A new report suggests that many workers may need to significantly reduce their standard of living during retirement if they retire at age 67.

Aon’s “The Real Deal” study finds that only one out of three workers who participate in their employer’s benefit plans over a full career are expected to be able to retire with reasonably adequate retirement income. The study provides insight into the overall retirement readiness of U.S. workers with access to retirement plans, based on data across nearly 30 industries.

The firm cautions that broad averages don’t tell the full story, adding that retirement readiness is ultimately about each individual’s goals and resources. And while every employee’s needs are different, the average employee should save about 11 times their final pay for adequate retirement at age 67, Aon suggests.

On average, contributing employees are saving about 8% of pay. To accumulate 11 times their pay by age 67, employees on average should have 16% of pay going into their retirement accounts every year. If current employee savings trends continue, however, half of workers will need to wait for retirement until at least age 70 to be considered financially prepared, the firm notes.

Overall, the report shows that:

  • 19% of full-career contributors are projected to accumulate more assets than needed;
  • 15% will be within two times pay to their target needs to allow them a reasonably adequate retirement income if they adjust their postretirement spending or supplement their savings with assets outside of their employer’s plans; and
  • 66% of full-career contributing employees are not expected to have saved enough to retire at age 67, being further than two times pay away from their target retirement needs and even with adjustments in spending, these employees will likely need to increase their savings or delay retirement.

Employer Nudges

While the employee’s savings rate is the greatest factor in preparedness, the report emphasizes that employers can help employees by addressing a combination of factors, including investment experience, longevity and retirement age. “The targets employers set for matching contributions and automatic escalation profoundly affect how much workers will save in retirement plans,” the report explains.

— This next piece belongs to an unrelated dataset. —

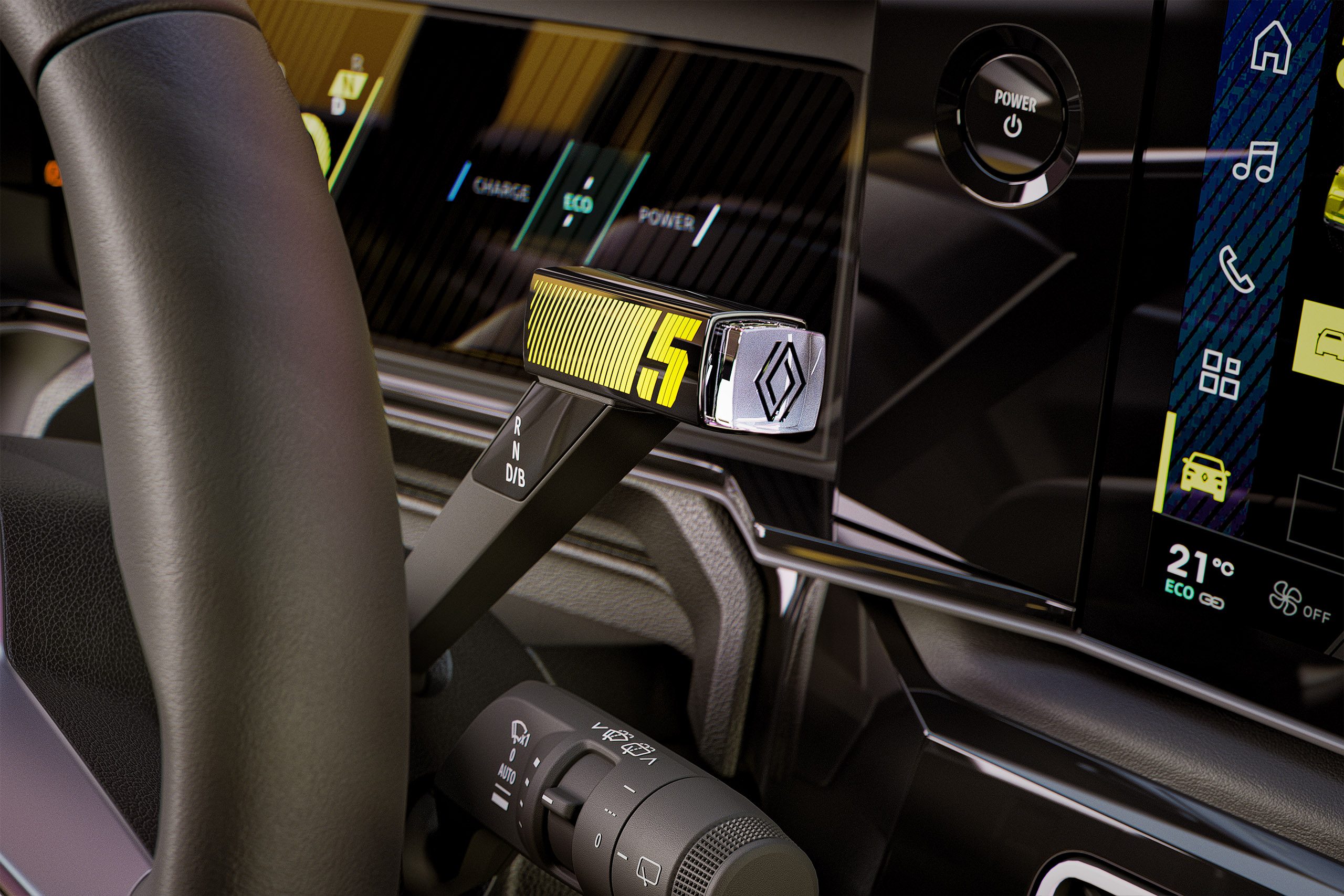 Renault 5 e-shifter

For example, many contributing employees only save enough of their pay in employer-sponsored retirement plans to receive all available matching contributions. The authors note that the proportion of annual pay that people tend to save is 4% to 7%, which often is the amount required to receive a full employer match. To that end, the report suggests that employers consider setting higher savings targets for matching contributions.

Moreover, the findings show that 17% more employees would save close to or beyond what they need in retirement if they were automatically escalated to 10%. But even with that escalation, half of workers would still be behind their retirement targets, the report notes.

Aon further suggests that employees need help gaining a realistic sense of how much they need to save to achieve retirement goals. For example, it explains that on average, if workers immediately increased their savings rate by 5 percentage points, they would be close to an adequate retirement at age 67.

“Providing information about how much one should save to reach their retirement goal can be a concrete way to set up employees for financial success in retirement,” notes Aon partner Rob Reiskytl. “It is also important to remember the broader financial wellbeing picture and that there may be legitimate reasons why employees at certain ages aren’t saving ‘enough.’”

The report further emphasizes that it’s critical for employers to make investing as easy as possible for employees. Providing financial help such as online guidance, as well as managed account or premixed portfolios, such as target date funds and target risk funds, is shown to improve participant outcomes, it suggests.